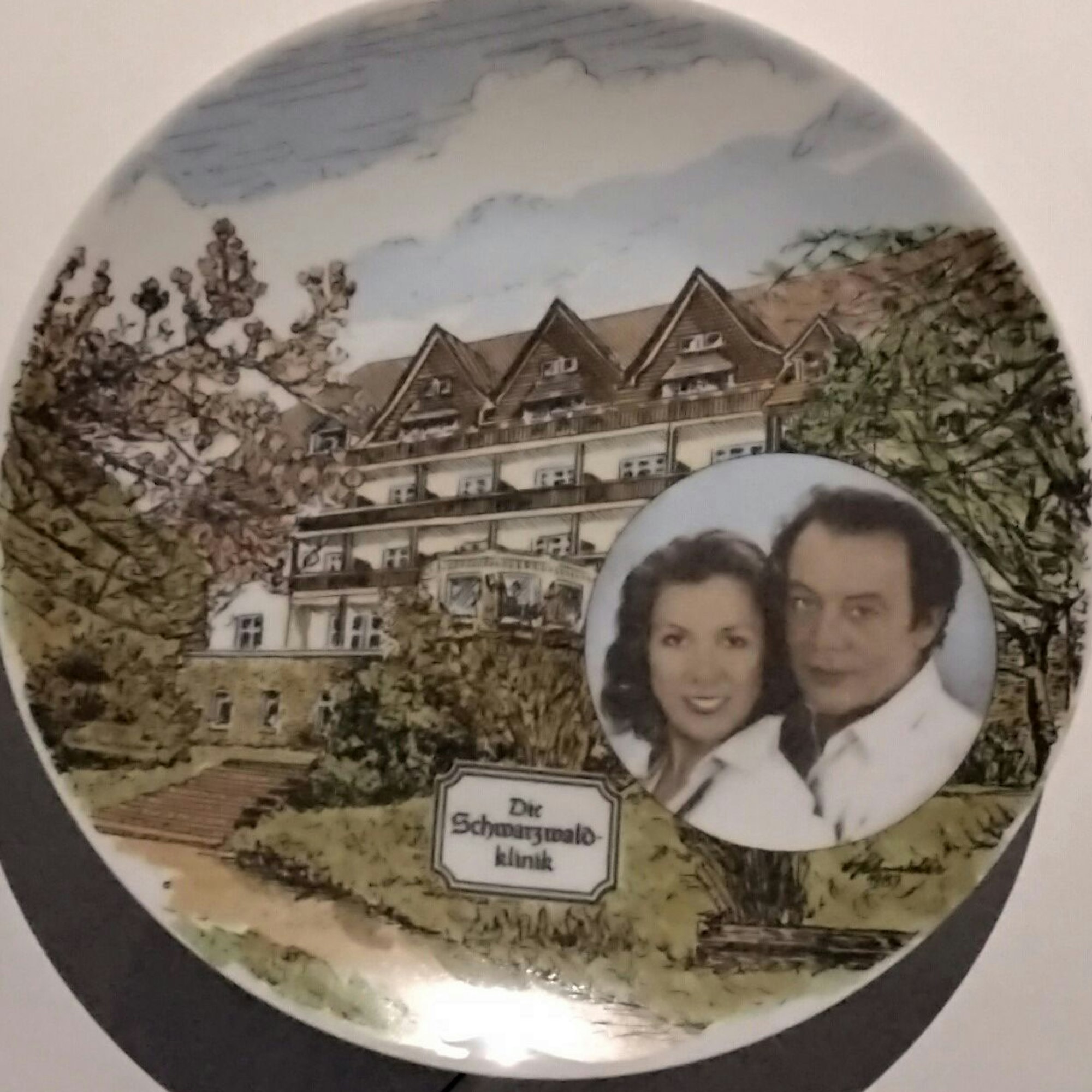 Ein Teller ist mit einem Bild der Schwarzwald-Klinik und den Porträts der Schauspieler Klaus-Jürgen Wussow und Gaby Dohm bedruckt.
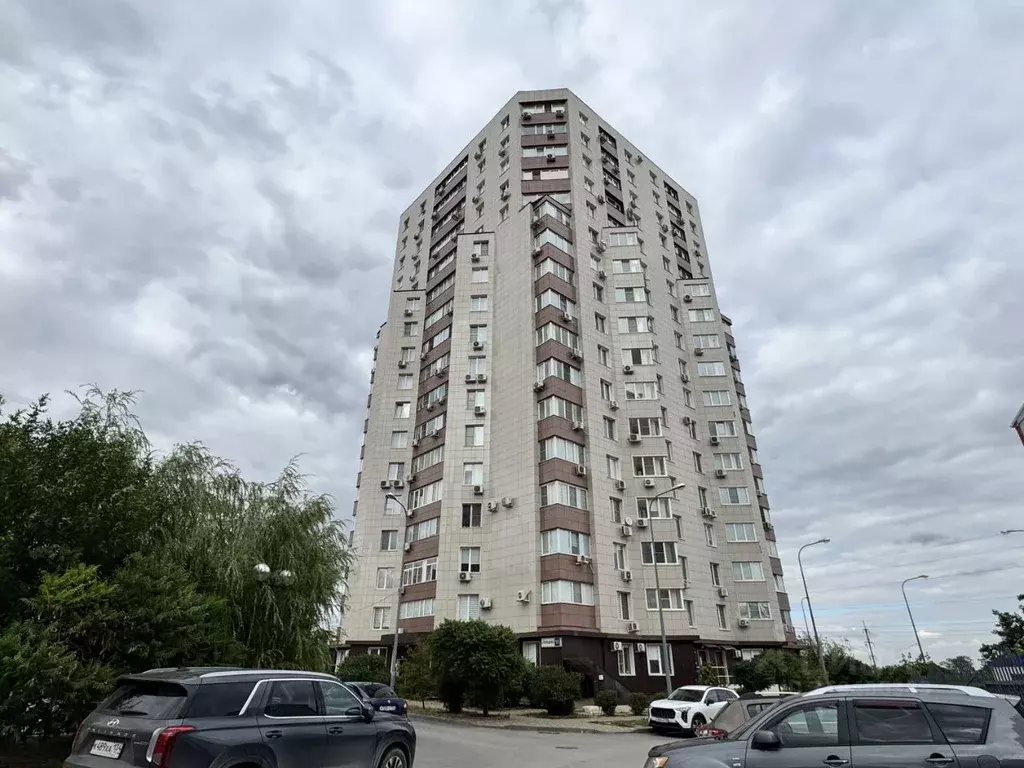 2-к кв. Волгоградская область, Волгоград ул. Покрышкина, 11 (75.7 м) - Фото 1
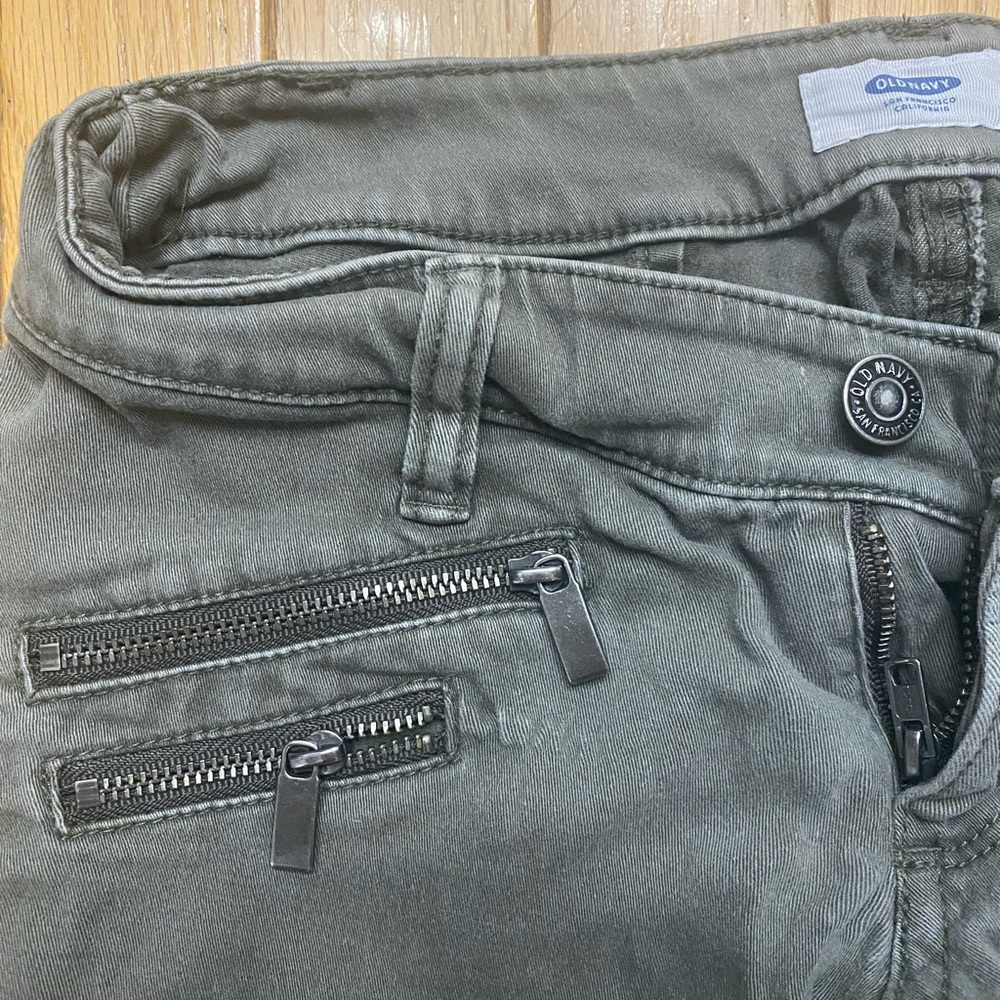 Army green pants with zipper details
*-*-*
● **Task item**: Please provide a faithful transcription of all the data, pictures excluded.

● **Solution to this problem**:
 Ein Teller ist mit einem Bild der Schwarzwald-Klinik und den Porträts der Schauspieler Klaus-Jürgen Wussow und Gaby Dohm bedruckt.
 2-к кв. Волгоградская область, Волгоград ул. Покрышкина, 11 (75.7 м) - Фото 1
 Army green pants with zipper details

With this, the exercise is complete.